Include proactive recommendations: The report should include action points and suggestions like “Watch DSO and we may need early-pay incentives if customers take longer than 60 days.”

PITFALL 4: Overreliance on Last Year’s Data 

In financial analysis, looking at historical performance as your baseline feels safe. But when that last year was just before COVID, or before a major market shift, your baseline is wrong.

Maybe revenue dwarfed expectations last year due to stimulus checks. Inventory levels normalised and margins tightened, but you zoom into profit growth and ignore the inflated benchmark.

How to address this?

Here are some proven ways to address this.

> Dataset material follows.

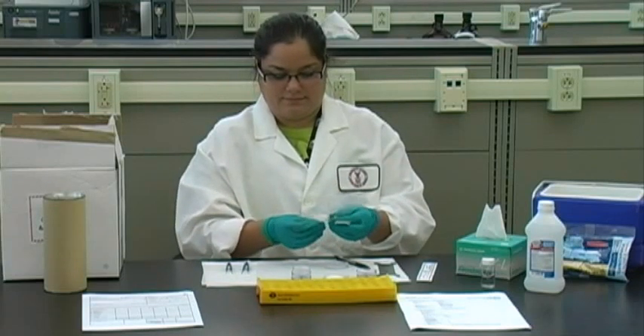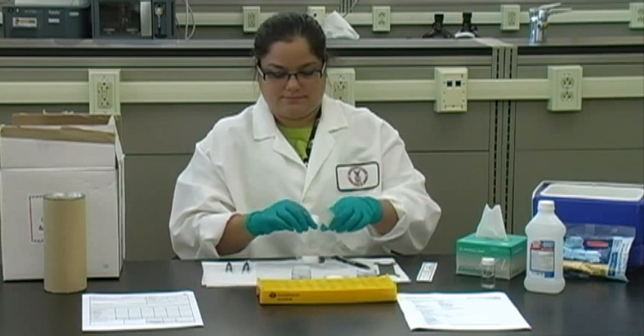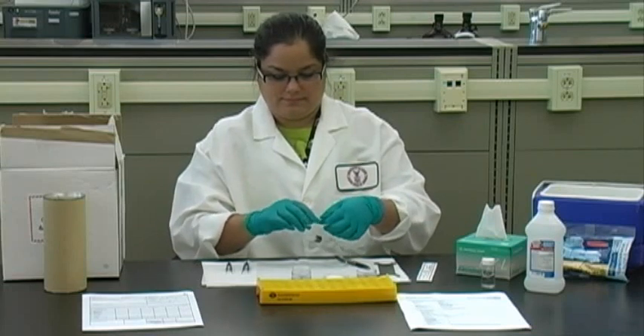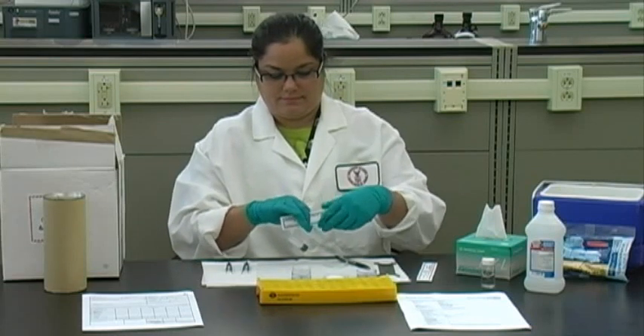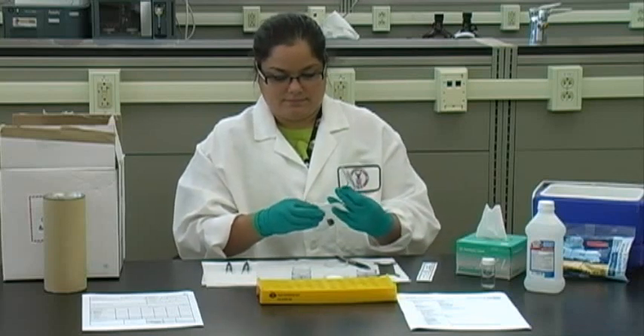Perform the extraction procedure separately for each sample. Wear a new pair of gloves for each sample. Your field blank will be treated the same way. Extract a blank sample the same way as the air samples and submit it with your samples.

Trim the tail: Focus on relevant periods, both post-event and post-change. Use rolling averages where necessary.

Scenario test your future outlook: What if economic growth slows, or a major customer delays payments? Put your future projections to the test against such contingencies.

PITFALL 5: Feeling Overwhelmed by Too Much Data

Financial evaluation tools give you a flood of data, ranging from dashboards, alerts, KPI trackers, to ratios and comparison charts. Often by digging into every single data, you end up overreacting to some aspects.

You start changing formulas, chasing unexplained blips, and re-running models,  but in the process, you may also lose track of what matters. 

How to address this?

To address this, here are some useful tips. 

Pick your top 3 to 5 KPIs and track them weekly. Only focus on flagging anomalies and you can let others wait. 

Run monthly review meetings, refresh the baseline every month, and update your assumptions every quarter.

To take a deep dive into the data you can delegate the task to someone in the analysis team. Assign someone in your team to investigate and only come up with something that is flagged.  

Wrapping Up 

While financial analysis shares many common grounds with investigations, one area where it excels is the ability to offer future-driving actionable insights to propel growth. After laying bare all the truths about the financial health of an organisation, it should also offer some direction to mitigate the crisis or some strategy to propel the growth trajectory. Such insights always come when your analysis leans on building a narrative validated by facts and figures.